=== DATASET EXTRACT ===

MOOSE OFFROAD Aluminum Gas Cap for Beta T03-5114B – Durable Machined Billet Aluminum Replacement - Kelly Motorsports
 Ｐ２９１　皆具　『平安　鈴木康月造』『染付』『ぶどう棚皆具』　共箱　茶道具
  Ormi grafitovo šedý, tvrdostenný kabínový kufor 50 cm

===

TASK DESCRIPTION:
From the first line to the last, give the data again exactly.

ANSWER TO THE EXERCISE:
MOOSE OFFROAD Aluminum Gas Cap for Beta T03-5114B – Durable Machined Billet Aluminum Replacement - Kelly Motorsports
 Ｐ２９１　皆具　『平安　鈴木康月造』『染付』『ぶどう棚皆具』　共箱　茶道具
  Ormi grafitovo šedý, tvrdostenný kabínový kufor 50 cm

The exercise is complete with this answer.